Clamp as close to the cut as you can, and try to have the entire length clamped. For example, if you clamp to the edge of a bench, put a strip of wood on top and use clamps at both ends. That helps a lot with noise and getting a clean cut.
Do you know, is it possible to get similar levels of noise out of a bandsaw? The hacksaw does work but if I could save my arms, that’d be great
My Laguna 14Twelve Bandsaw measures 55 dBA at operator ear level when not cutting, so maybe, depending on what and how you cut.
Our noisy world!
Sawing by hand can be a workout, but practice makes it pretty efficient.
Some bandsaws are very quiet when not cutting, as @gmack said. Handhelds are often noisier than standard (cabinet?) units, because there is less mass to damp out noise from the motor and gears, they usually need fans, with the associated openings in the case, making the motors more exposed, but they are better than they used to be. The transition to BLDC rather than universal (brushed) motors has done a fair bit to quiet the motor itself.

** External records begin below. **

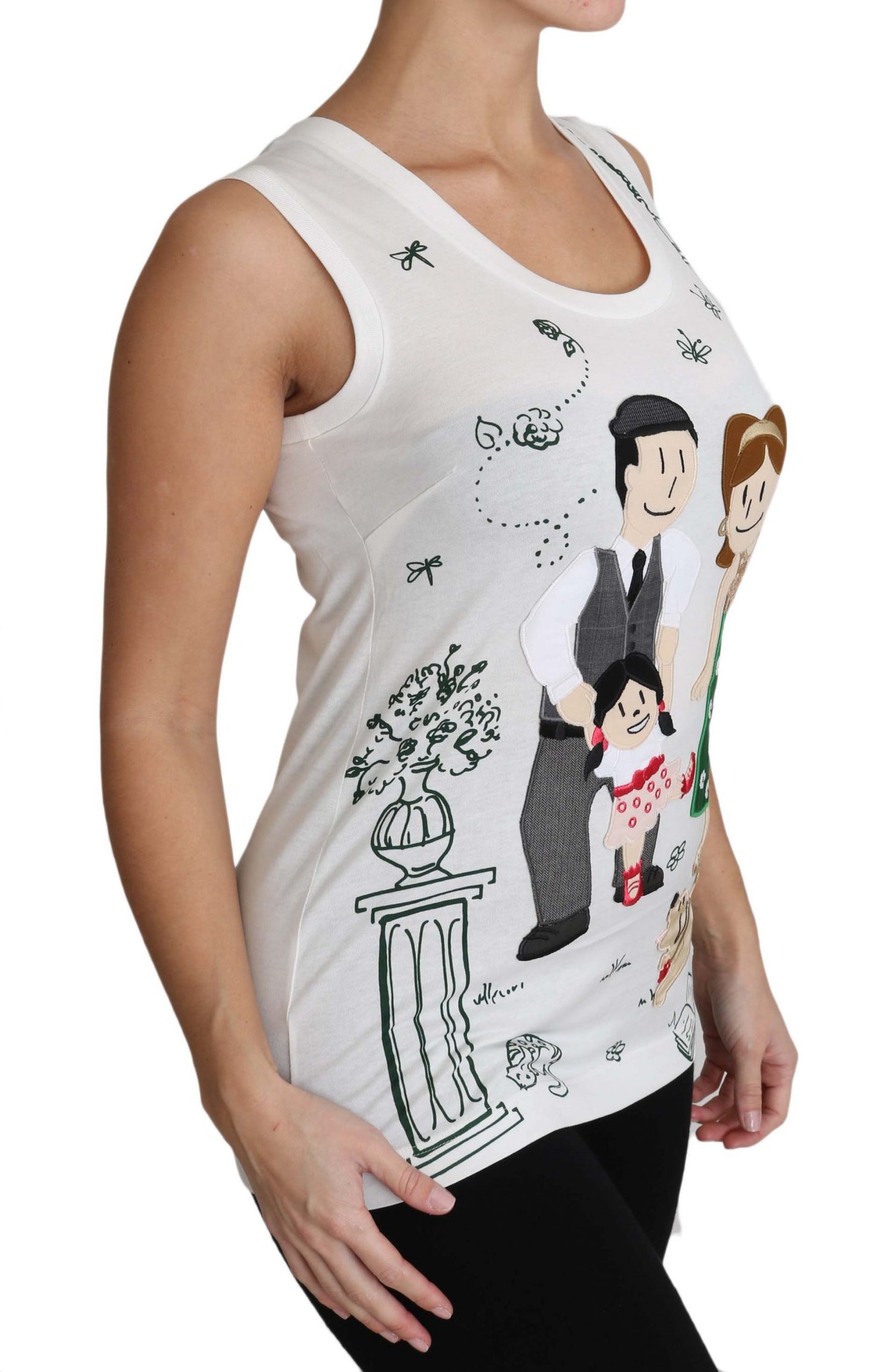 Dolce & Gabbana Weißes Baumwolle #dgfamily Ärmelloses Shirt Tank Top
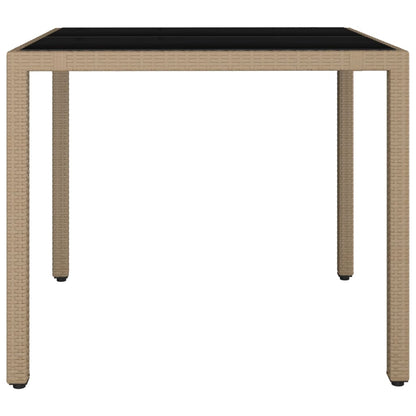 Tuintafel Met Glazen Blad Poly Rattan En Gehard Beige 90 x 90 x 75 cm Glas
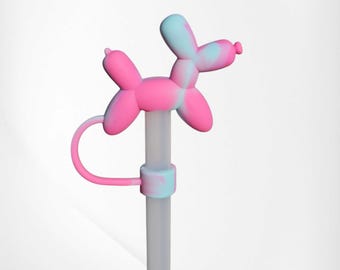 Pink & Teal Blue Balloon Dog 3D Silicone Straw Topper | Straw Cover. Fits 10mm, Stanley, Mini Stanley, 30oz-40oz Tumbler Straws.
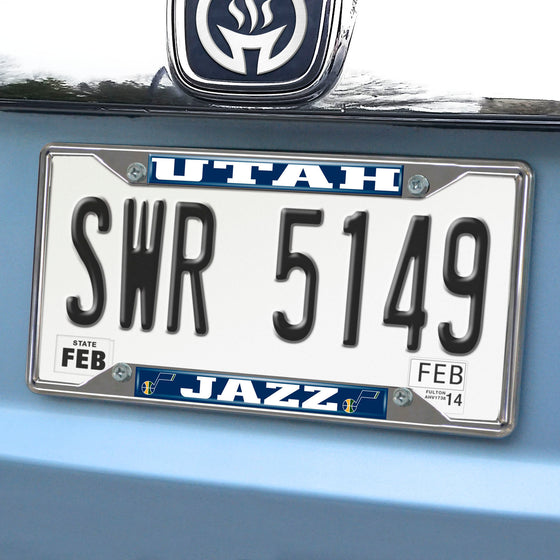Utah Jazz Chrome Metal License Plate Frame, 6.25in x 12.25in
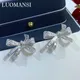 Luomansi-Boucles d'oreilles en argent S925 avec nœud super clignotant pour femme diamant bijoux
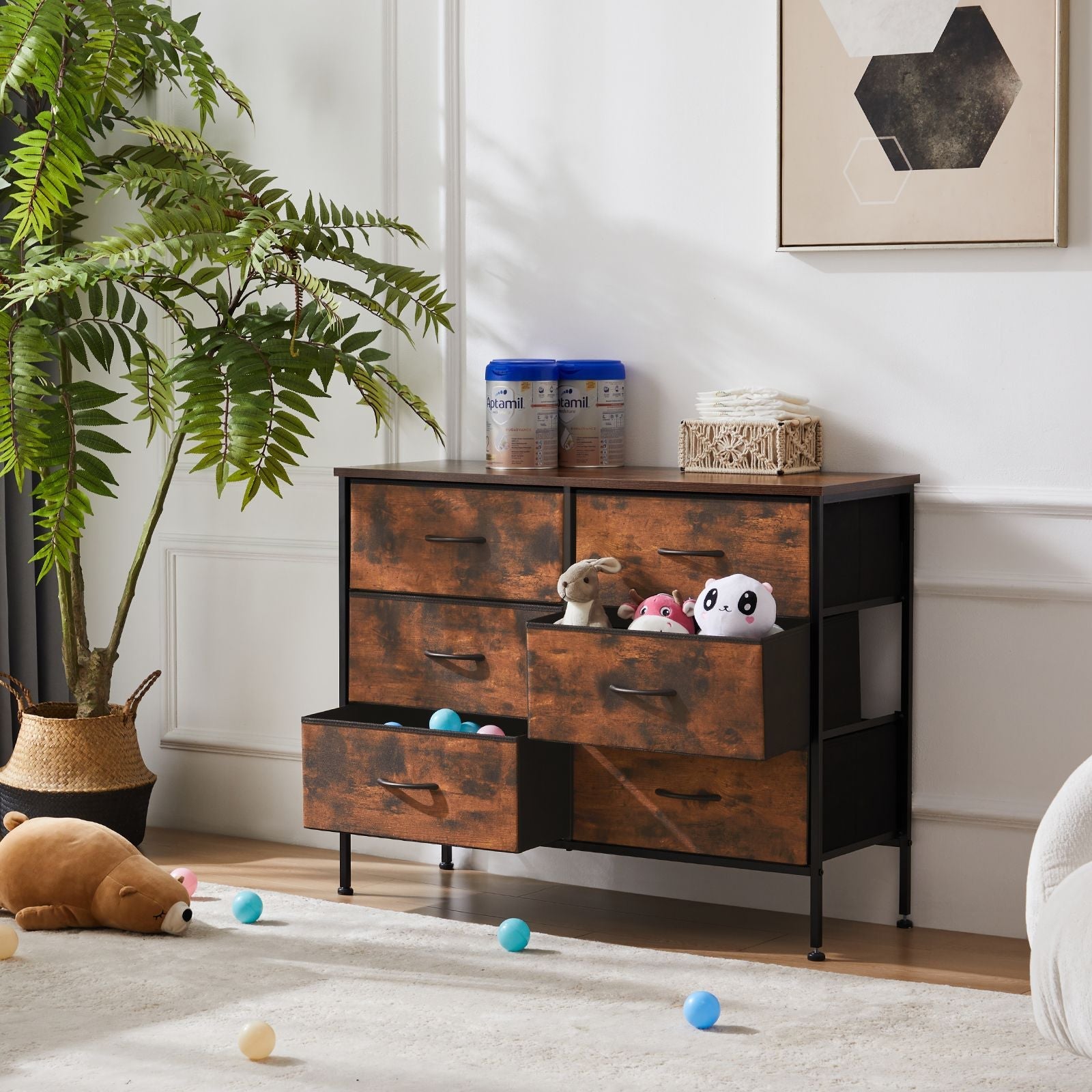 Dresser for Bedroom 6 Drawers Wide Fabric Storage Units Chest of Drawers for Bedroom with Metal Frame and Wooden Top for TV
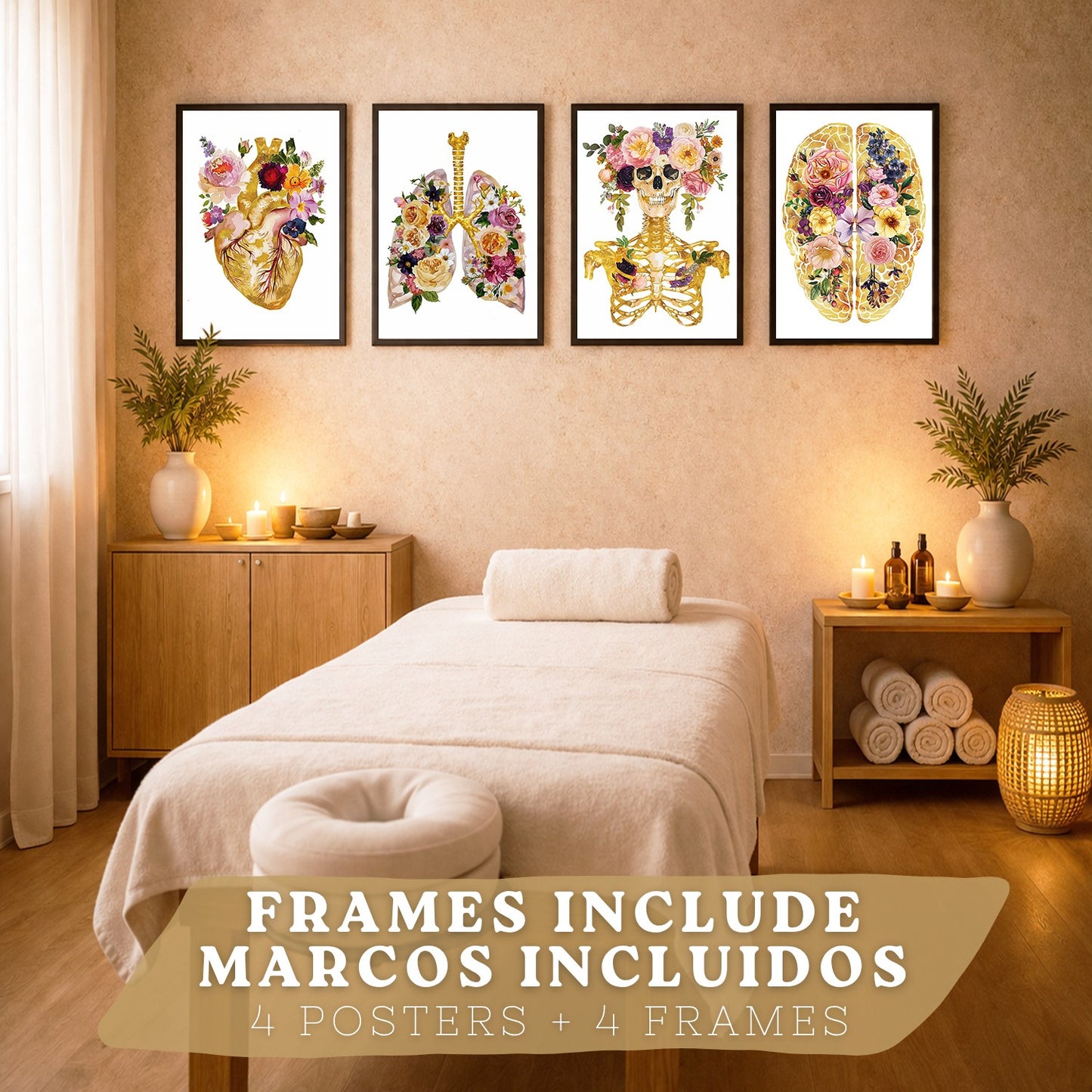 Set 4 Posters y Cuadros de Anatomía Humana Láminas con Corazón Cerebro Cráneo Pulmones Tráquea Bronquios Estilo Floral Dorado Decoración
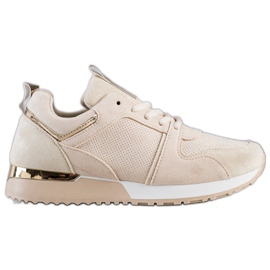 SHELOVET Beige ruskind sneakers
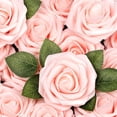 thumbnail image 3 of Flores de Gardenia Artificiales, 25pcs Real Mirando Blush Espuma Falsas Rosas con Tallos para DIY, Ramos de Boda, Centros de Mesa para Despedida de Soltera (Rosa Champán), 3 of 4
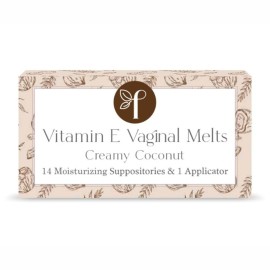 Femallay Organic Vaginal Melts - Coconut - 100% Natural Relief for Dryness, Odor & Daily Feminine Discomfort - 14 Count + Applicator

Unfortunately, in my experience, much of the noise is during the cut. Same principal applies to reduce noise as with a hand saw. The better the restraint of the material and the better the damping, the lower the noise level. Especially when cutting sheet and plate. It acts like a soundboard for a piano.
A less rigid machine makes it worse, and adjusting the blade speed and cutting force also have a pretty big effect.
Conjecture: a thin layer of wood between the piece being cut and the table (or foot of a handheld) of the bandsaw- 3mm door skin, for example- will control noise pretty well, at least for thin flat stock (<10mm thick).
are you using the rage blade as an alternative on a regular abrasive wheel chop saw or a slower high torque dry cut saw?
I know the carbide blades don’t last long at high RPMs and are only meant to be used on dry cut saws but I would buy a rage blade for my abrasive wheel chop saw if it would hold up. I don’t want to drop $500.00 on a dry cut chop saw.
If anyone is interested I have a Milwaukee pitta bandsaw used little and can ship in US.
Phil
Actually, using it in a compound power miter saw. Use the same blade in a table saw. Used to have an abrasive wheel chop saw, but it never made a straight cut and got sick of trying to make it work well. Works great in both, I’ve cut aluminum and steel (with a nonferrous blade for aluminum, ferrous for the steel) and it works great. Cuts are clean.
Which ferrous blade?
The orange TCT steel, aluminum and plastic blade for aluminum: https://www.amazon.com/Evolution-Power-Tools-RAGE255Blade-Multi-Purpose/dp/B00249JDY4/ref=sr_1_3?dchild=1&keywords=rage+saw+blade&qid=1597615868&sr=8-3
The blue “STEEL” blade for mild steel: https://www.amazon.com/Evolution-Power-Tools-10BLADEST-52-Tooth/dp/B001QF9VQ2/ref=sr_1_2?dchild=1&keywords=rage+saw+blade&qid=1597615810&sr=8-2
Your saws have 1 inch arbors?! What speeds do they run at?
Dewalt probably has a 5/8" arbor, as do most/all woodworking/non-ferrous metal saws with 10" blades. They also run at 3450 RPM, at least in the 60Hz parts of the world. That speed would not be good and would likely be quite unsafe with those blades.
That’s what’s stopped me picking up one of the Evolution blades for my bosch circular.
OTOH, learning how to cut efficiently cleanly and straight with a handsaw is a basic skill all apprentices should master…
Someday I’ll slow down my miter saw with a Variac and see how/if it can cut anything.
Or go full Julien and just use a really high speed camera?
Jeremy Fielding gave that a shot and it didn’t go well (as he expected, to be fair): https://www.youtube.com/watch?v=gMVIdDKgG5A
Thanks! I suspect that the output current limits of his Variac and DC speed control limited their performance.
He should have used a BLDC motor
Maybe a Modwaukee?
Lots of good advice here.
My number one suggestion is order from xometry supplies and have it cut to size. They are one of the cheapest around, ship fast, regularly have deals. You only pay for what you need and I don’t think you’ll ever make up the cost of your tools and time trying to cut down larger stock.
That said, sometimes you have something that needs to be cut so you can make a small part out of it
I have used the harbor freight horizontal band saw, it works well for cutting bar stock.
I currently use my Ryobi 7 1/4" miter saw with a blade that I picked up from Lowe’s. It works decently well. I drilled some holes in the base so I can clamp the pieces down. I’ve cut some pretty small blocks out that way. My blade is missing a tooth, but I think it was 1/2" polycarbonate that did that.